Working with 100% samples


My main question is regarding working with the 100% samples. Specifically, I am hoping to extract the 100% samples for 1920, 1930, and 1940, with about eight variables. I see that each of these is about 5 GB. I am wondering how long an extract of that size generally takes to be ready? This is strictly for planning purposes. I have read elsewhere that files can take hours or even days to be ready but I was curious if a specific file size would have a more precise estimate.

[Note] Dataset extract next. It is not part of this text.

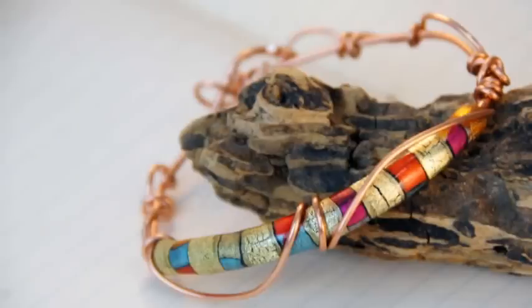Hey everyone, I'm Linda Peterson and welcome to my studio. On today's Friendly Plastic TV, I'm going to show you how to combine the fracture infusion technique with copper wire to make this gorgeous bangle bracelet.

Additionally, I am afraid that in my ignorance I initially requested some extracts that are way too big. I was wondering if IPUMS staff would be able to delete these, as I am concerned they might be using up server capability that would be better served on realistic requests.

Thanks very much!

The time it takes to create extracts depends on the size of your extract as well as how many others are requesting data and how large their extract requests are. The number of records rather than the number of variables tends to drive slower extract speeds on IPUMS USA. Your plan to request the full count files for decennial censuses in separate requests seems like a good approach for this. I would guess that a full count extract could take 1-2 days, but that can obviously vary as described above. Requesting fixed width rather than formatted extracts is one way to reduce extract wait times.

I have followed up with you directly via email about your enthusiastic first extracts–thanks for following up about this and keeping all IPUMS USA users in mind.